GORILLAZ - Plastic Beach
Damon Albarn's Gorillaz project always seemed like the sort of tossed-off idea that was destined to succumb to the laws of diminishing returns. Conceived as a 'cartoon band' with artist Jamie Hewlett, their debut was a well-done slice of bubblegum-noir hip-hop/pop, but no one was confusing songs like "Clint Eastwood" for more than a bit of fun. That follow-up Demon Days was actually better was a bit of a surprise, but Albarn's prowess as a songwriter and growing success as a collaborator has helped to rationalize this lark's unexpected longevity. There's no natural law to explain away the incredible Plastic Beach, though. Were we wrong about Gorillaz all along?
From a personality whose peak time in Blur revolved around a giant public ego and spotlight-chewing confidence, Albarn has evolved into a secret composer and aural stage director of the highest order. If his Chinese opera Monkey (another terrific collaboration with Hewlett) suggested this metamorphosis was underway, Plastic Beach announces its completion with the best album he has made under any name since Blur's penultimate masterpiece, 13.
It's a record that bears the fruit of a decade spent schooling himself mostly in hiding—behind the cartoons of Gorillaz; within the "nameless" supergroup that made the album The Good, the Bad, and the Queen; buried under a world of archival music with his Honest Jon's label. For what are still very accessible tunes, Plastic Beach is stunningly multilingual and complex. Part of the fun is a guest list that manages to include Lou Reed, Mark E. Smith of The Fall, Paul Simonon, Mick Jones, De La Soul, Super Furry Animal Gruff Rhys, Bobby Womack, the Lebanese Orchestra for Oriental Arabic Music, and Swedish pop group Little Dragon (amongst still more), and the project makes perfect use of all of them. Whether mining Chinese scales, soul, krautrock, electro, psychedelia or hip hop for inspiration, Albarn shifts gears effortlessly. His choices—ones that in the past would betray themselves more obviously as detours—are now never for the sheer shock of something, but are instead always for the enriched interest of the song.

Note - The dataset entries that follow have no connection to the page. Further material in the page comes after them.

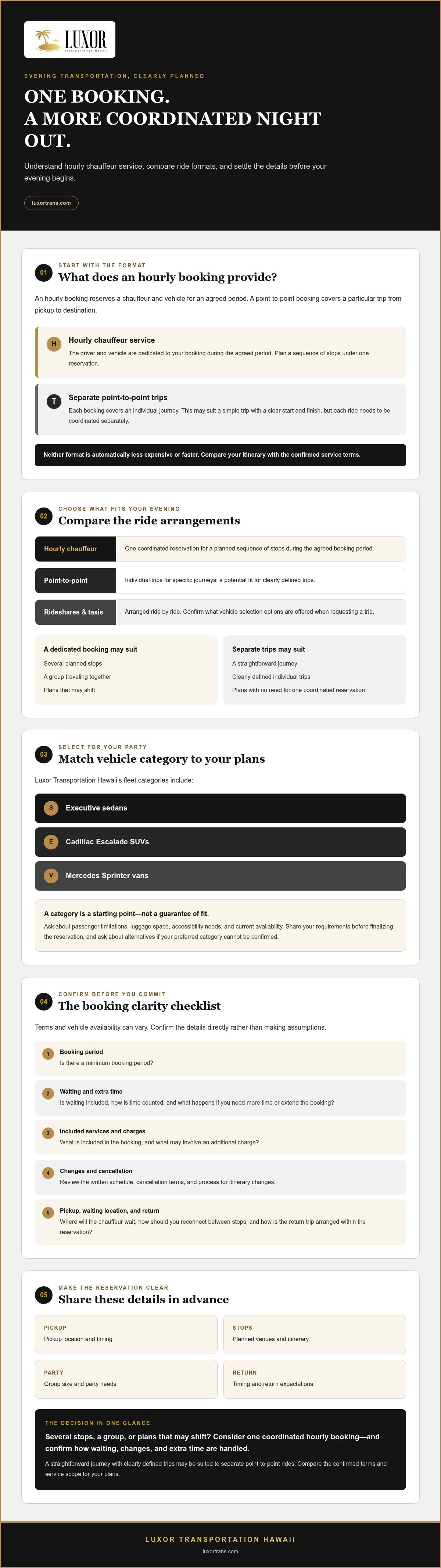 Private driver for a night out in waikiki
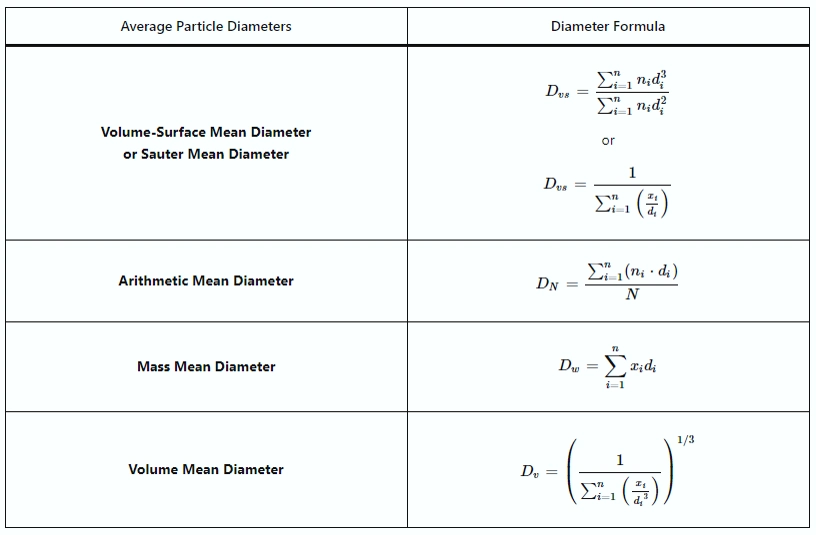 average particle size table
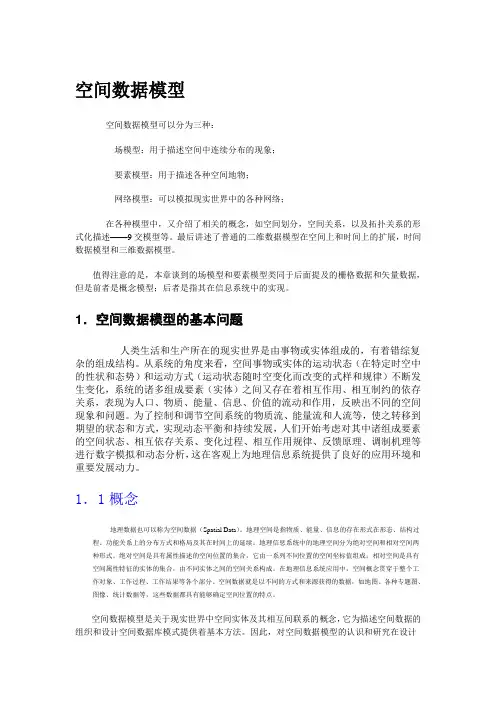 空间数据模型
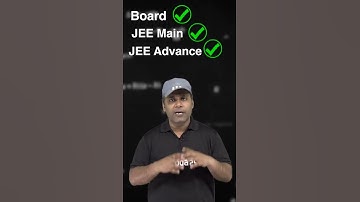 Applications of Derivatives Playlist for JEE Maths #Shorts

In a recent decade that has seen the indie elite embracing whole chunks of previously unacceptable genres and artists—Timberlake, Lady Gaga, neo-soul, Gwen Stefani, and so on—this record represents an important salvo from the other side to keep the dialogue balanced. A thoroughly uncompromising and esoteric adventure that can still worm its way on to the iPods of a generation for whom even Blur's ubiquitous arena anthem "Song 2" is an unknown quantity, Plastic Beach is one Trojan horse of a pop album.